Analogy – What is an Analogy?

What is an Analogy?

An analogy is a tool that is used to help us describe something that is difficult to explain. This is done through comparing it to something simpler. We might make an analogical bridge between the human brain and a computer. Some examples of analogy are similies and some examples are metaphors. An example of an analogy might be:

“Her feelings for him began to thaw.”

“Thaw” refers to ice or snow melting, but now it refers to a change in the woman’s feelings for the man. They have become warmer.

What is an Analogy in Terms of Religious Language?

In terms of religious language, the analogy might be:

“God is just.”

For an analogy to be strong, the point of comparison must be close. Hume has argued that it makes no sense to compare God to anything in the world as the difference is too vast. However, Aquinas claimed that God is constantly revealed a posteriori through the world that he created and continues to sustain. Therefore, we can come to understand God through the world. For Aquinas univocal language is too reductionist – it reduces God. However, equivocal language is useless – it tells us nothing about God. For him, analogy is the only way in which we can apply our everyday language to meaningful discussions about God.


Aquinas and his two Types of Analogy

Aquinas claimed that are two types of analogy that can be used for discussions about God:

Analogy of Proportion

All objects or beings possess qualities that are in proportion to themselves. A dog can only be good in the way of a dog and a cake can only be good in the way of a cake. Though the word good is used in both cases, it does have different meanings – but this does not mean it cannot be understood. When we are saying that God is good, we are saying that God is good in a divine way – i.e. in a more superior sense than the dog, the cake or even a human. For Aquinas, to say that God is good is to say that God is simply being God, as he is undoubtedly the best at being anything. While we cannot express how God is good or powerful or wise, we can use the term meaningfully to describe God’s wisdom as proportional to his divine nature.
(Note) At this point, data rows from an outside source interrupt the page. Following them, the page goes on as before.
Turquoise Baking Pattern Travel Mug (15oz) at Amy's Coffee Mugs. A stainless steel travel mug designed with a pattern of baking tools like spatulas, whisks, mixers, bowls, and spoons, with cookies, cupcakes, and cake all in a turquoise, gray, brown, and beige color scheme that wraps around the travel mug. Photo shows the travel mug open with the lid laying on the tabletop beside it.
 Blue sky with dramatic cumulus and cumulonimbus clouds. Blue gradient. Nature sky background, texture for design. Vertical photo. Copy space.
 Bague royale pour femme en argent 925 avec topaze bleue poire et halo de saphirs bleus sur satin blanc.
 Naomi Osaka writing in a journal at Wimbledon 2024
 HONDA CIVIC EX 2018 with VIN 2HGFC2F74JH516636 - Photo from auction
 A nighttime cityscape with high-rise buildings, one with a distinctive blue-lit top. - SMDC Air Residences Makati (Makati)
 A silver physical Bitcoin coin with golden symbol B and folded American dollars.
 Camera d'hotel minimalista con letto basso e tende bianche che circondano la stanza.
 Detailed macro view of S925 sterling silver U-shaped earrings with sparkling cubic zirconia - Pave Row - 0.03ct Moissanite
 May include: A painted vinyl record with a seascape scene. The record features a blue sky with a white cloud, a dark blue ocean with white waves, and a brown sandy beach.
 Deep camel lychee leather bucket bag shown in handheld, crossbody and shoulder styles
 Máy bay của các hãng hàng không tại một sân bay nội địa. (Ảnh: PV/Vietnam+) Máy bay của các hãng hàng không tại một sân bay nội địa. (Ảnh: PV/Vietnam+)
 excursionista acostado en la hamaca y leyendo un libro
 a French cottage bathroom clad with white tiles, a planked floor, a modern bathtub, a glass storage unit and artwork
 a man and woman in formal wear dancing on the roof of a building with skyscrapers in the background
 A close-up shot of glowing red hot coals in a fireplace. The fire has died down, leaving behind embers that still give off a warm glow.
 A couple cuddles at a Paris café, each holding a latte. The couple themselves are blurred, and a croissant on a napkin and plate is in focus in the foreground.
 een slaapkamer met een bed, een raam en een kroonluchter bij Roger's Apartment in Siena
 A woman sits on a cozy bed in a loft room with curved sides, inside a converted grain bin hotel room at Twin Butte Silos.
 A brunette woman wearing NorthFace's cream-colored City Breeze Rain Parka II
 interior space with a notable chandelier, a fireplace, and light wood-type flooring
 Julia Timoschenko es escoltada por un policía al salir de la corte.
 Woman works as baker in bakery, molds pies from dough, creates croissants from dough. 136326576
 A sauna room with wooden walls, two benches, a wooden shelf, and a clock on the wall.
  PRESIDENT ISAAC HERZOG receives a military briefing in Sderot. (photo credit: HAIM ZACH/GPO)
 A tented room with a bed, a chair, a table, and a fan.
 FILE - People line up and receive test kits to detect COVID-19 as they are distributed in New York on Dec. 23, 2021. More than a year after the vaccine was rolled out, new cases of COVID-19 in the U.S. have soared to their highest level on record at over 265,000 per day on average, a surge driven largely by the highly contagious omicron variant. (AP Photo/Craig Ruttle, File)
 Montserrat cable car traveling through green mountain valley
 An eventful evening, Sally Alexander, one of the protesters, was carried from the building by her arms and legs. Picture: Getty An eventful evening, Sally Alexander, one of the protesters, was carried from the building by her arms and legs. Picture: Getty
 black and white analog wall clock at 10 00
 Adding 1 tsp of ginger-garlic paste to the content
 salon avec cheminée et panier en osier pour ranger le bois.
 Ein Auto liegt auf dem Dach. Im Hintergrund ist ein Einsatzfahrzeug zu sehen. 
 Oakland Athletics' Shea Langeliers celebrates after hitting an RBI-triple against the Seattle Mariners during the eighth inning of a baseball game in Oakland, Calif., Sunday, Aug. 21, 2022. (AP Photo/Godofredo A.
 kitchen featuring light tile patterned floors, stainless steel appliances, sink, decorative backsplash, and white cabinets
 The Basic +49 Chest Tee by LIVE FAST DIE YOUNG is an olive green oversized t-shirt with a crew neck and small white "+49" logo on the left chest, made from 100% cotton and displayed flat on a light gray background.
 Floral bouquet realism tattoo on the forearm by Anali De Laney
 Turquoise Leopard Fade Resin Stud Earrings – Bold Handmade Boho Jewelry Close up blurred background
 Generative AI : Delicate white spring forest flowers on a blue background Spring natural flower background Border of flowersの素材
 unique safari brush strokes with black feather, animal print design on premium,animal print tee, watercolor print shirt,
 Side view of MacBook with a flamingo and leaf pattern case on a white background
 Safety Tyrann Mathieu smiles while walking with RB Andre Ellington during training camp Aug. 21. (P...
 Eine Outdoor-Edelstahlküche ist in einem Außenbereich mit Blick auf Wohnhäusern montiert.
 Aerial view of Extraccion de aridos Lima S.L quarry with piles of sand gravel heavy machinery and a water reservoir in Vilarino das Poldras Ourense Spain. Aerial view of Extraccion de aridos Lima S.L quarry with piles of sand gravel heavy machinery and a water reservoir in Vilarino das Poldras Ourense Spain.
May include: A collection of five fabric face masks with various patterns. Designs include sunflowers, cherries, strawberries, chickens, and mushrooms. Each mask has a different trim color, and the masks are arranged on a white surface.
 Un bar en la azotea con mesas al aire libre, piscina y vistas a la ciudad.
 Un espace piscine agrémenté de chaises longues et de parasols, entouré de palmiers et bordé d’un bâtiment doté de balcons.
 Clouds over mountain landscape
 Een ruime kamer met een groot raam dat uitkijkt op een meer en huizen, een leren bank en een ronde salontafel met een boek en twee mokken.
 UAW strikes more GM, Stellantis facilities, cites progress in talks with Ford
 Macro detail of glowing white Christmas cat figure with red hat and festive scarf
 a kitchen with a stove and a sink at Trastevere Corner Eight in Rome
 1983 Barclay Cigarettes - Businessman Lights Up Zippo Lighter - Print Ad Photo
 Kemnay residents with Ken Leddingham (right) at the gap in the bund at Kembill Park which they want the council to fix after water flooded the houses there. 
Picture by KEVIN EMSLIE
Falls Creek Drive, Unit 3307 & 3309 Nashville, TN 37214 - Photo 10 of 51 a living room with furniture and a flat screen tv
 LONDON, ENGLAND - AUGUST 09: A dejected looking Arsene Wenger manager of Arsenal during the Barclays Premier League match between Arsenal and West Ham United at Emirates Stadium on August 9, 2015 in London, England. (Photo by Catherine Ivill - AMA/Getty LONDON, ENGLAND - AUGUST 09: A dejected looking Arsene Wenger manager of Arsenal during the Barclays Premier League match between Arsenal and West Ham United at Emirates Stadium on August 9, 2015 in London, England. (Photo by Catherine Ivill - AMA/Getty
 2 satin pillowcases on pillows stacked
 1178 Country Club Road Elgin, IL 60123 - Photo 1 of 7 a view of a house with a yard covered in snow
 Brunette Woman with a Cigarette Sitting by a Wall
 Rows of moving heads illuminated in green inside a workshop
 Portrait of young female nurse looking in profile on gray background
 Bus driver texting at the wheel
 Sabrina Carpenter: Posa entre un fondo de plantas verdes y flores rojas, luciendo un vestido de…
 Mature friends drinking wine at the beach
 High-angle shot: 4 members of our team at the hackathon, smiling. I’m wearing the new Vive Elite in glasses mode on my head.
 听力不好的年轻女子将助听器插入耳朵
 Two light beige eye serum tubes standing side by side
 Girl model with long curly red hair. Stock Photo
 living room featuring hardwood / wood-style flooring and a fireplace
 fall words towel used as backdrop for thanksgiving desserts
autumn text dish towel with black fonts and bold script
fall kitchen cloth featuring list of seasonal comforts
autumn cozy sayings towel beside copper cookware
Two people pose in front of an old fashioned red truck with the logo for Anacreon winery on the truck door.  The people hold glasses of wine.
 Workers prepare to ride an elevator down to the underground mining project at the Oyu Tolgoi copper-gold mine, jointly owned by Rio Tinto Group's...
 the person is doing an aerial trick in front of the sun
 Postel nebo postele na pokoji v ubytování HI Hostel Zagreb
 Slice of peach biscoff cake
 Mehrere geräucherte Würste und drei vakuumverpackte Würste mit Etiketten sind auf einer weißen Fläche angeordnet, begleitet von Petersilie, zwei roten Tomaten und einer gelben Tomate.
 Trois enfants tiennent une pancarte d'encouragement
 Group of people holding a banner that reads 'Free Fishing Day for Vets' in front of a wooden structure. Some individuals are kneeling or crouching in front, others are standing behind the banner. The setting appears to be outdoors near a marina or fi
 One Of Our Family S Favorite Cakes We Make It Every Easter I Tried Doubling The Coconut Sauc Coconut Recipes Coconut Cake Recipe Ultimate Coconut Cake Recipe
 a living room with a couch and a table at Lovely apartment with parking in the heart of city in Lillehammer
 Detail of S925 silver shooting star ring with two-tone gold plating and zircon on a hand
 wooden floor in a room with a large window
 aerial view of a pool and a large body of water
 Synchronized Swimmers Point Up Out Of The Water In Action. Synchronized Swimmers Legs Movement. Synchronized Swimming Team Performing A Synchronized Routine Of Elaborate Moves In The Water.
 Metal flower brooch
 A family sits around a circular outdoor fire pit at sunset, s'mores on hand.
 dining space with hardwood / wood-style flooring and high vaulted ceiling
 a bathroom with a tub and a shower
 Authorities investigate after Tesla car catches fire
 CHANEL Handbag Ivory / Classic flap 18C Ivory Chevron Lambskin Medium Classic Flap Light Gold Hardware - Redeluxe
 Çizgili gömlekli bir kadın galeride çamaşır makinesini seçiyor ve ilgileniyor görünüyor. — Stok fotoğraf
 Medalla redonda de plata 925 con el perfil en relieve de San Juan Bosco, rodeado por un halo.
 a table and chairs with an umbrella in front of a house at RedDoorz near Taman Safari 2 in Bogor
John Hick used the example of the faithful dog and the faithful human to explain the Analogy of Proportion:

Both a man and a dog can be called faithful.
There is a difference between canine and human faithfulness, though there must also be a similarity for us to make the comparison.
We can understand faithfulness in ourselves so we can begin to comprehend the lesser form of faithfulness that is within a dog.
By knowing a quality in ourselves, we can apply this upwards towards God (who has the quality in perfect proportion) or downwards to other things (which may have it in lesser proportion).

Analogy of Attribution

This argument focuses on how a being or object possesses a quality. Aquinas argued that we possess qualities such as wisdom or goodness res significata (we have them) or modus significandi (we demonstrate them) – in humans, perfections are accidental to our substance. God, on the other hand, is his qualities. Simply put God IS wisdom, whereas humans might possess wisdom or act wisely. God’s goodness can be understood a posteriori – it is known through his creation.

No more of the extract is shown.